What is the remainder of p x when divided by x 1?

The remainder when P(x) is divided by (x-1) is P(1). The answer is 2.

What is the remainder when the given polynomial P x is divided by X?

Answer: If a polynomial p(x) is divided by x-a, then it’s remainder is p(a). Step-by-step explanation: Remainder theorem: According to the remainder theorem, if a polynomial P(x) is divided by the polynomial (x-c), then the remainder is defined as P(c).

How do we know if the divisor XC is a factor of the polynomial P x?

The proof of The Factor Theorem is a consequence of what we already know. If (x – c) is a factor of p(x), this means p(x)=(x – c)q(x) for some polynomial q. Hence, p(c)=(c – c)q(c) = 0, so c is a zero of p. Conversely, if c is a zero of p, then p(c) = 0.

When P x is divided by x 2 then the remainder is?

If a polynomial p(x) is divided by x−2, the quotient is 2x and remainder is 4.

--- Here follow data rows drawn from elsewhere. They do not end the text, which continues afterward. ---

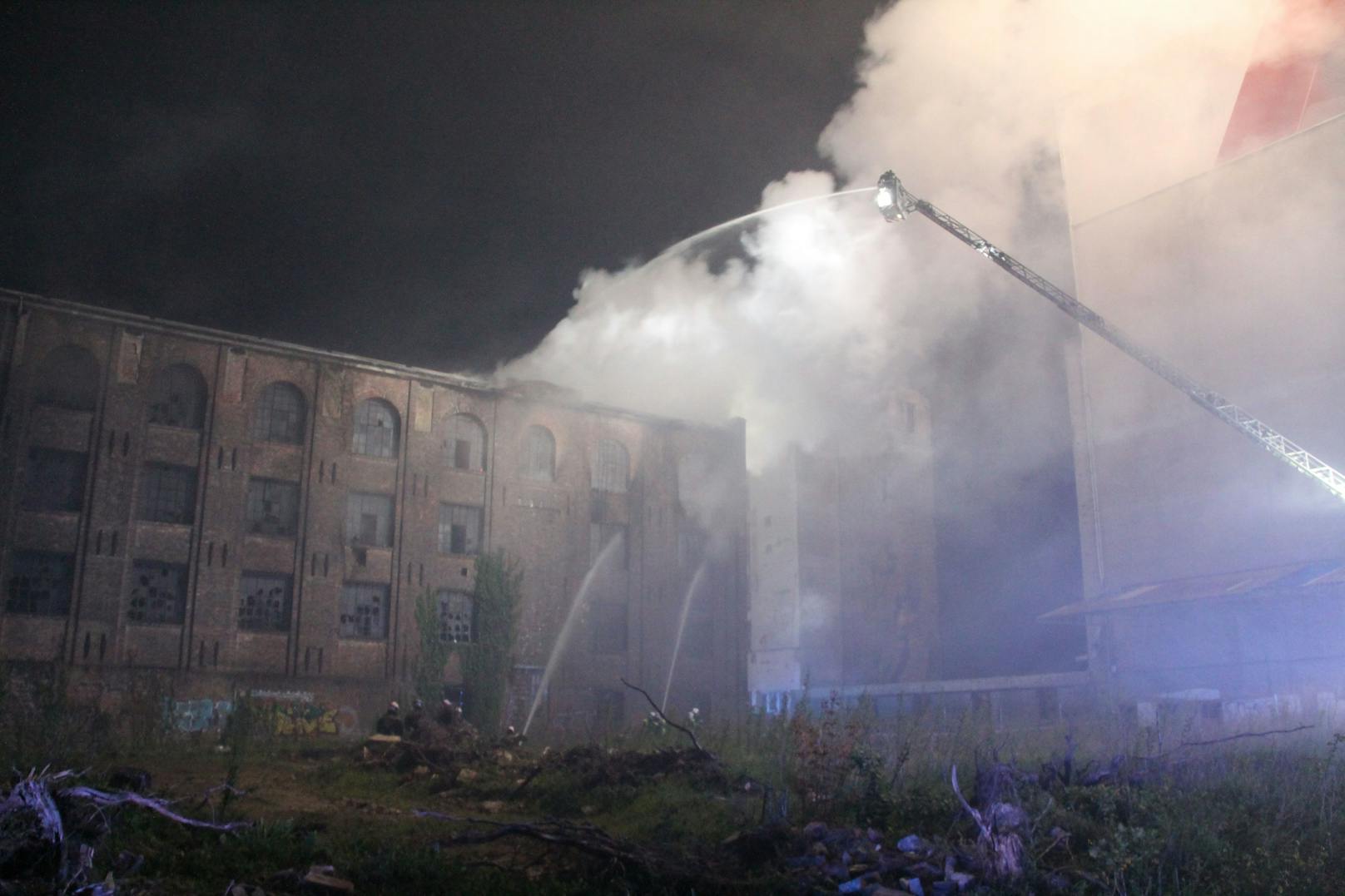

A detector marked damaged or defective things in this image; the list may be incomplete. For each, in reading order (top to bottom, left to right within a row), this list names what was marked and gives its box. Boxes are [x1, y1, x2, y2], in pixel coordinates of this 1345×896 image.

broken window [22, 446, 87, 512]
broken window [33, 346, 100, 413]
broken window [136, 463, 197, 526]
broken window [147, 366, 207, 433]
broken window [246, 479, 301, 536]
broken window [250, 383, 305, 446]
broken window [345, 493, 391, 549]
broken window [351, 398, 400, 459]
broken window [439, 506, 479, 556]
broken window [443, 414, 486, 469]
broken window [516, 426, 553, 486]
broken window [589, 522, 629, 572]
broken window [593, 439, 629, 496]
broken window [4, 556, 74, 619]
broken window [127, 562, 189, 626]
broken window [240, 576, 296, 632]
broken window [340, 586, 386, 642]
broken window [439, 589, 476, 646]
broken window [593, 599, 629, 656]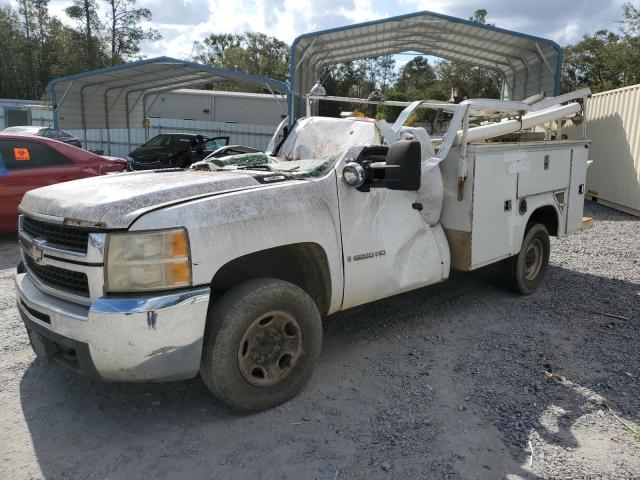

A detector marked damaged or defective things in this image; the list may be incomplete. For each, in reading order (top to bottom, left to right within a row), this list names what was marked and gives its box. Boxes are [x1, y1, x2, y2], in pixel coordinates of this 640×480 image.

damaged white truck [13, 88, 592, 410]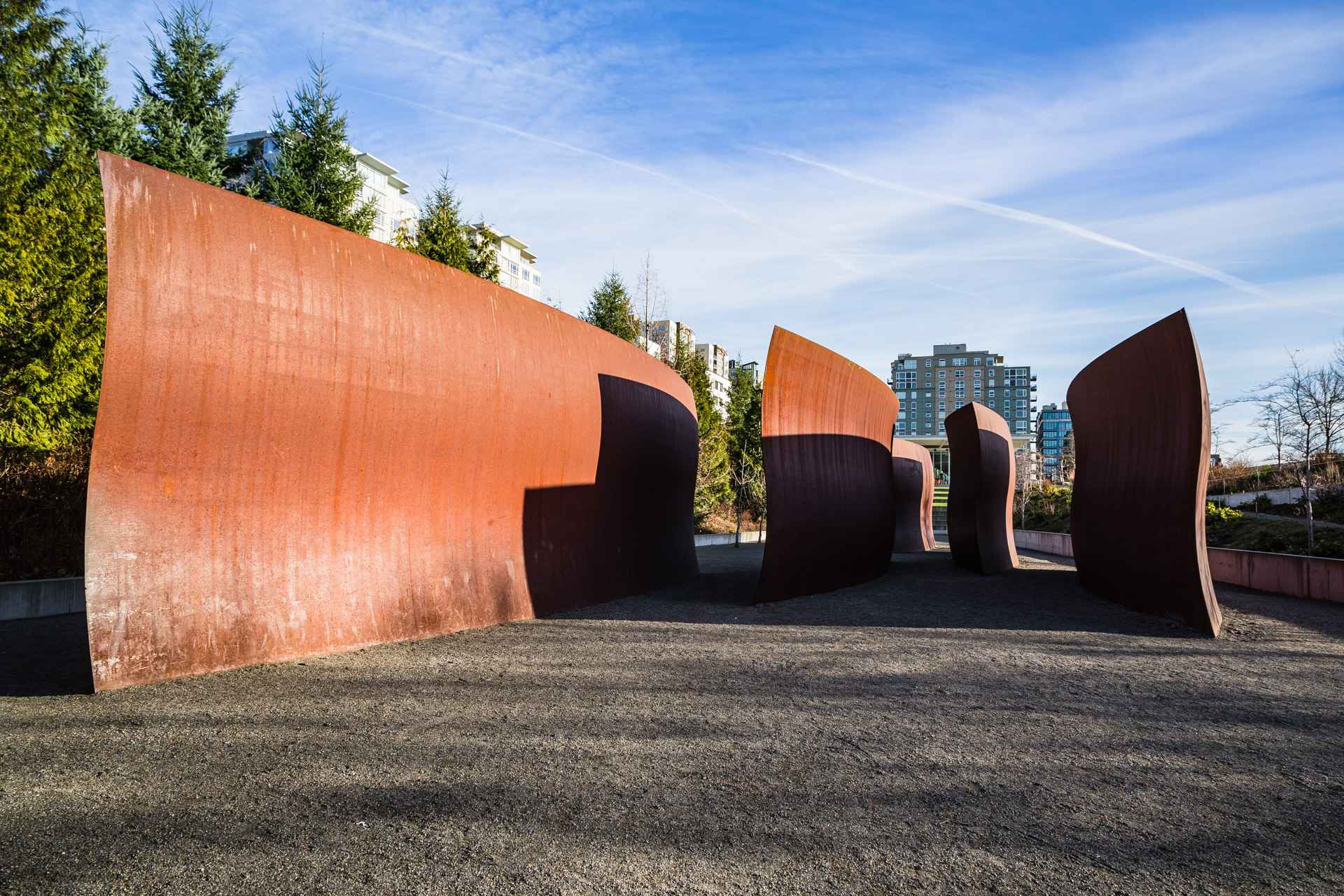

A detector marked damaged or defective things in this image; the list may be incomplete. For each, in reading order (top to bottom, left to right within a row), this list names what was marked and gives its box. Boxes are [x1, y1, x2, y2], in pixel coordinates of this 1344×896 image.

large rusted steel sculpture [85, 154, 697, 689]
large rusted steel sculpture [762, 328, 896, 602]
large rusted steel sculpture [890, 437, 935, 549]
large rusted steel sculpture [946, 400, 1019, 574]
large rusted steel sculpture [1064, 311, 1221, 633]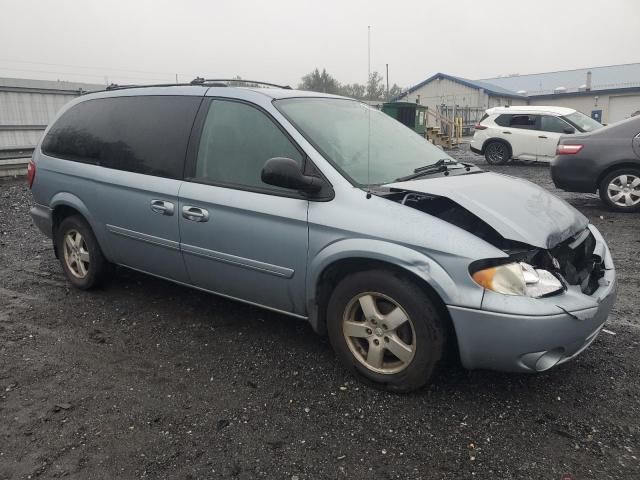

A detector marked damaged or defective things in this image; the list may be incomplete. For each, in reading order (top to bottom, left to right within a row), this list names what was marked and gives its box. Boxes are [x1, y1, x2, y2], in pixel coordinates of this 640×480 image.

crumpled hood [384, 172, 592, 248]
damaged front end [384, 190, 604, 296]
broken headlight [470, 262, 564, 296]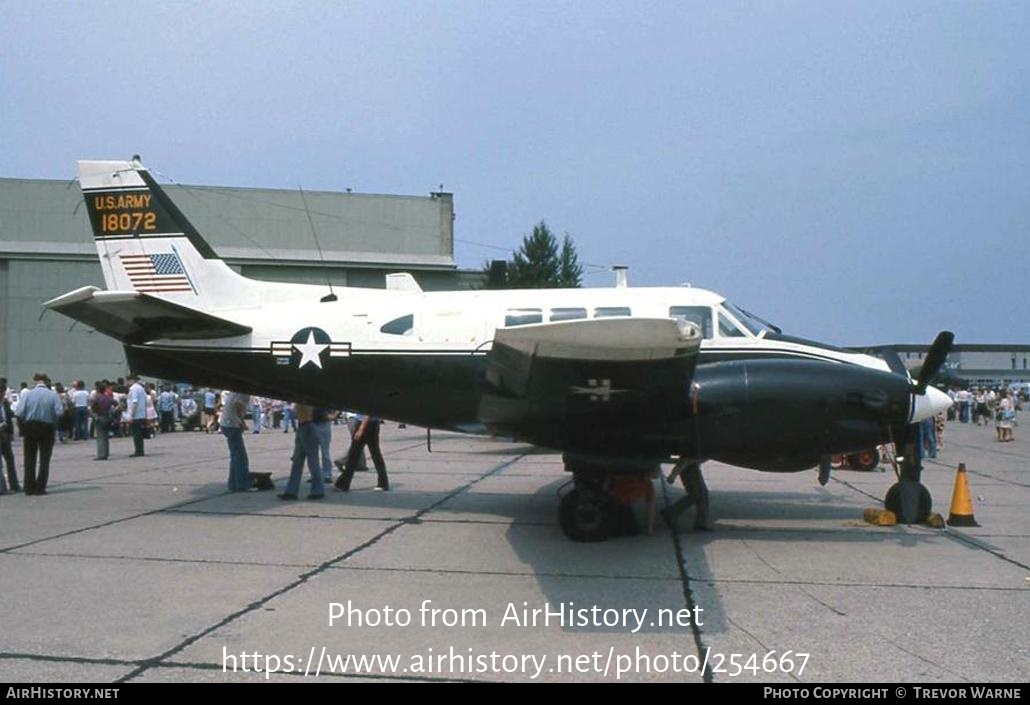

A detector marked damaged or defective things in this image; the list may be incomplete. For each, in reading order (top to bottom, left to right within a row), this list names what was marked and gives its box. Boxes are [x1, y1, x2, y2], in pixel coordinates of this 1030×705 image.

When X 3 is divided by x 1 What is the remainder?

zero
So, when f(x) = x3 + 1 is divided by x + 1, the remainder obtained is zero. Therefore, the remainder is 0.

When a polynomial P x is divided by a binomial X a then the remainder obtained is?

A polynomial P(x) is divided by a binomial x−a . The remainder is zero.

Is X 1 a factor?

1 Expert Answer By the factor theorem, if P(1)=0, then x-1 is a factor. therefore, x-1 is a factor of P(x).

Is X 1 a factor of F x?

x – 1 is not a factor of f (x).

When can we say that the binomial XR is a factor of the polynomial P x?

x-r is a factor of Px if the remainder is negative. x-r is a factor of Px if the remainder is zero.

What theorem states that if the polynomial P x is divided by XR then the remainder is equal to p r?

The remainder theorem
The remainder theorem simply states that if a polynomial f(x) is divided by a linear expression x-r, the value of f(r) is equal to the remainder.

Which expression is equivalent to Mn )( x?

Therefore, the expression which is equivalent to (mn) (x) is 5×3 + 9×2 + 15x + 27.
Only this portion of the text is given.